# hp gain question on this setup



## MacPro (Oct 11, 2008)

i have a 06 gt0 6 speed.
im planning on putting on a aem brute force intake 
also a spintech dual exhaust 2.5in cat back model.

what kind of hp gains are possible?
25 or so?

also with this exhaust will i need anything beyond whats included in the kit here?
Spintech 2.5" Catback with X-pipe and Dual Rear Exits- 2005-2006 GTO [S-1XGTO53DLR] - $599.95$579.50 : MarylandSpeed.com- Your First Stop on the Way to Performance!

i want to do headers but its kind of expensive right now.
will i still get a good sound by just changing the exhaust out to the spintech model?

im also going to change spark plugs and new wires.

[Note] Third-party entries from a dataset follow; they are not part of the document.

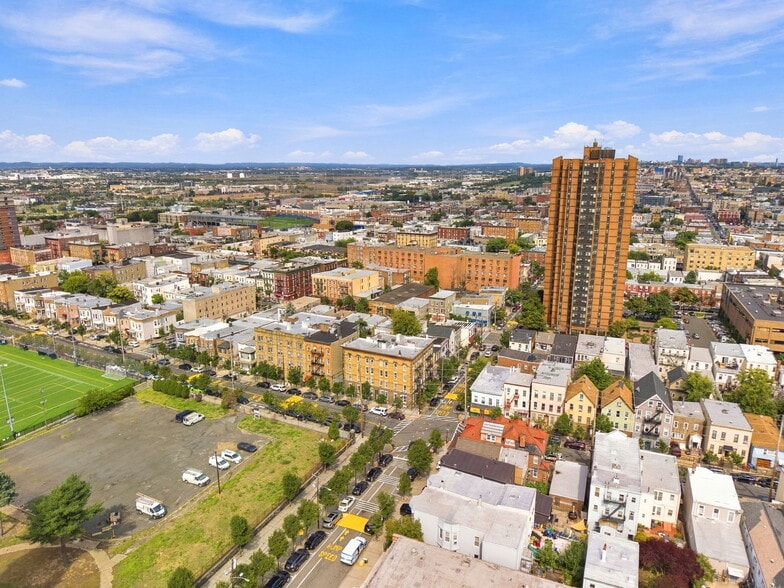 More Photos Of 604 21st St, Union City Apartments For Sale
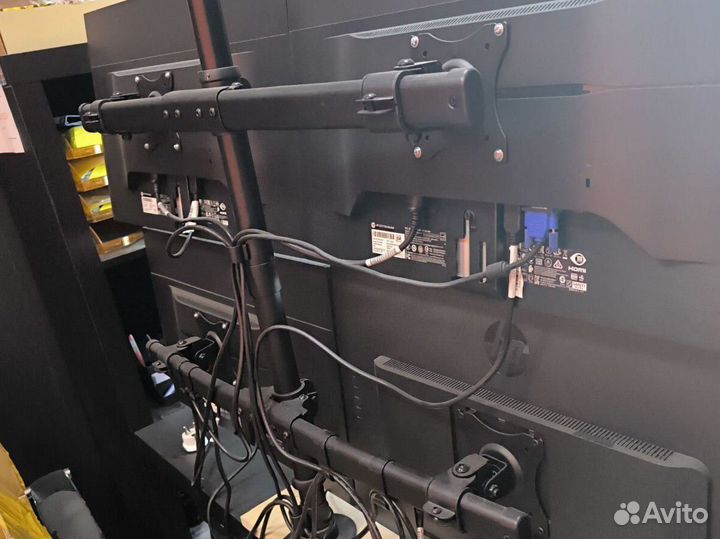 Стойка крепление на четыре монитора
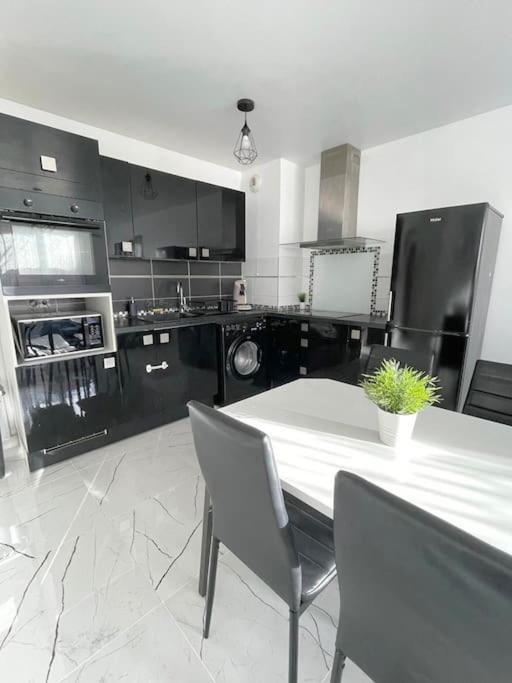 Ferienwohnung Grand F3 A 30Mn De Paris - Terrasse + Parking Prive Saint-Ouen-l'Aumone Exterior foto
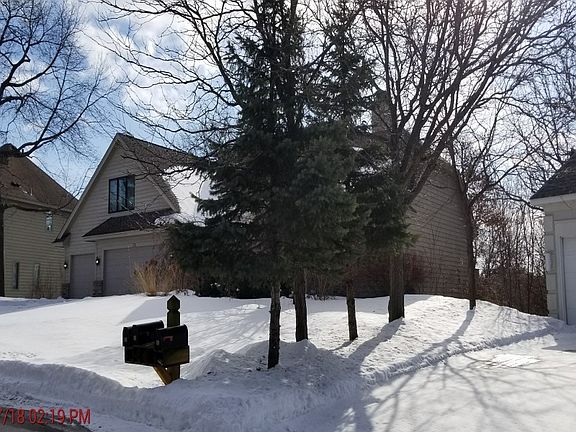 2nd image of 35 Geneva Blvd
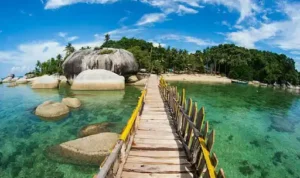 Pantai Tanjung Tinggi, Surga di Belitung yang Menghipnotis Dunia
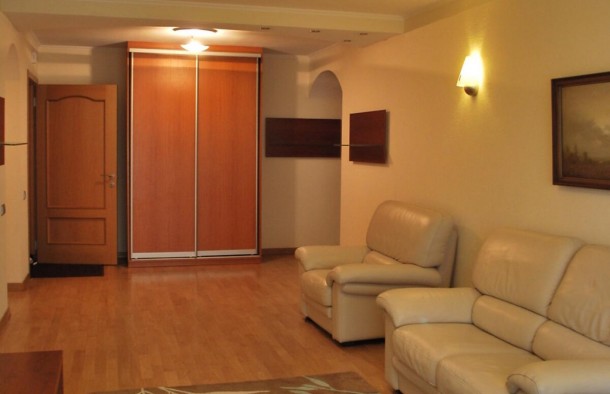 Продаж 3к квартири 81 кв. м  на вул. Срібнокільска 20 м. Осокорки, фото 2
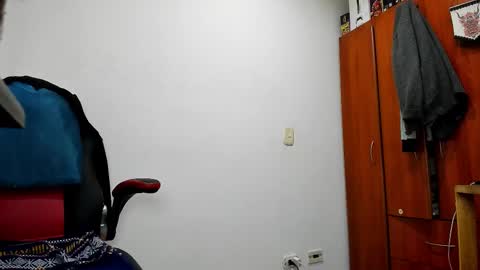 Snapshot of aguslover chatting on September 9, 5:45 pm Agustin online show from September 9, 5:45 pm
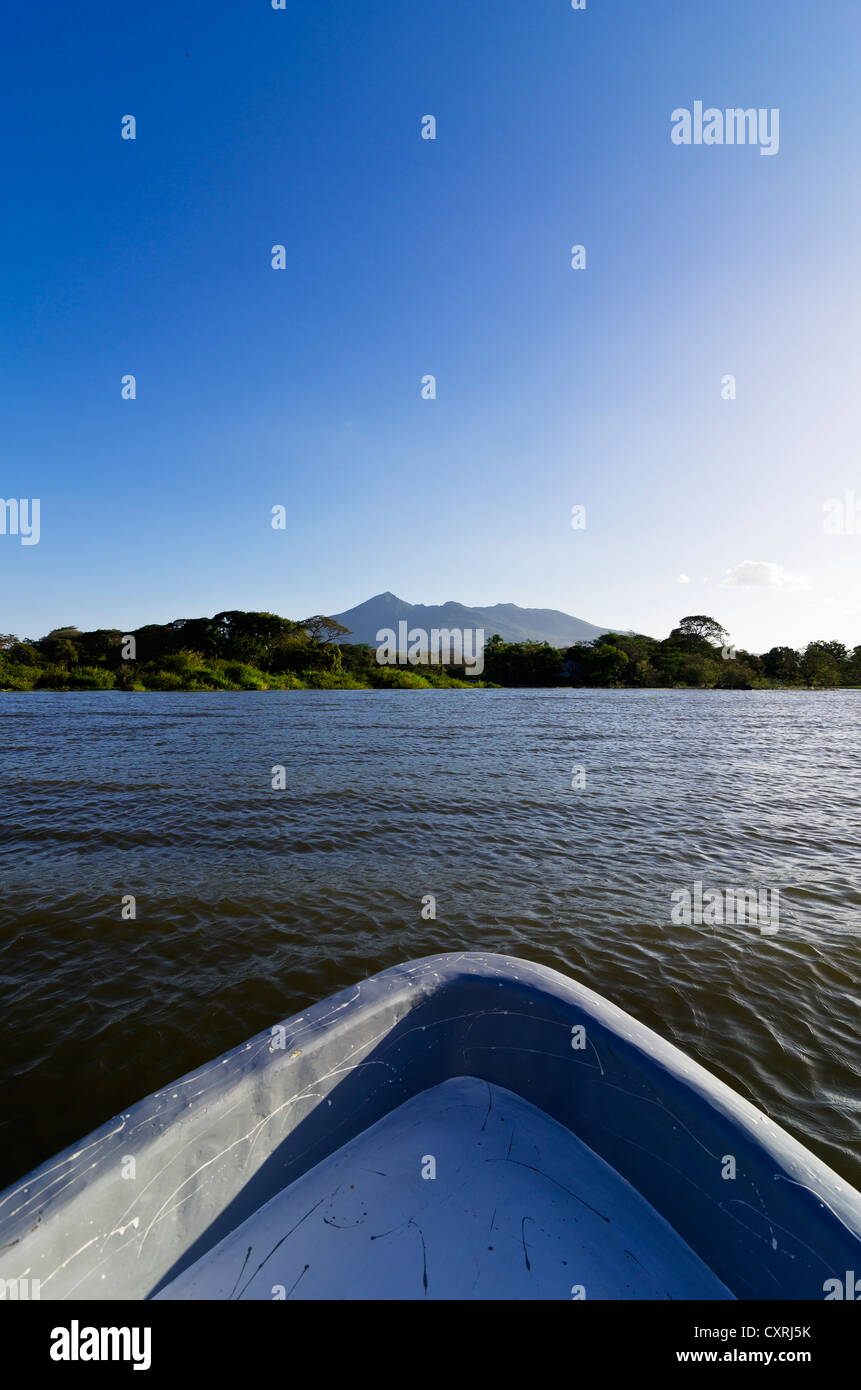 Reisen mit dem Boot auf See Nicaragua Mombacho Vulkan hinten Isletas, Lago de Nicaragua, Nicaragua, Mittelamerika Stockfoto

could the installtion be done at home?
what would mechanics charge to install the exhaust? roughly?

thanks in advance.


----------



## 6QTS11OZ (Mar 27, 2005)

I can't see you getting no more than 15 rwhp or so. Maybe 20. But that's only if you're getting a tune too. Keeping the stock headers and mid pipes will limit the little gains you will get from the new cat-back. Too see anything you will need headers, mids with hi-flow or no cats plus the cat-back. If you go with long tubes and a good tune with a complete exhaust system 30-35 rwhp is obtainable. You can do everything yourself with common tools. I'm not sure what shops will charge because I do everything myself.


----------



## alsgto04 (Nov 21, 2007)

6QTS11OZ said:


> I can't see you getting no more than 15 rwhp or so. Maybe 20. But that's only if you're getting a tune too. Keeping the stock headers and mid pipes will limit the little gains you will get from the new cat-back. Too see anything you will need headers, mids with hi-flow or no cats plus the cat-back. If you go with long tubes and a good tune with a complete exhaust system 30-35 rwhp is obtainable. You can do everything yourself with common tools. I'm not sure what shops will charge because I do everything myself.


:agree


----------



## GTOsarge (Oct 9, 2007)

6QTS11OZ said:


> I can't see you getting no more than 15 rwhp or so. Maybe 20. But that's only if you're getting a tune too. Keeping the stock headers and mid pipes will limit the little gains you will get from the new cat-back. Too see anything you will need headers, mids with hi-flow or no cats plus the cat-back. If you go with long tubes and a good tune with a complete exhaust system 30-35 rwhp is obtainable. You can do everything yourself with common tools. I'm not sure what shops will charge because I do everything myself.


Sounds right.:agree


----------



## svede1212 (Nov 1, 2005)

as said not much. on a stockish car a catback will change the sound. for what you're spending on the catback/intake you could almost swing headers. they'll get you the sound AND power and be the building block for any future mods.


----------



## 6QTS11OZ (Mar 27, 2005)

svede1212 said:


> as said not much. on a stockish car a catback will change the sound. for what you're spending on the catback/intake you could almost swing headers. they'll get you the sound AND power and be the building block for any future mods.


Yep :agree


----------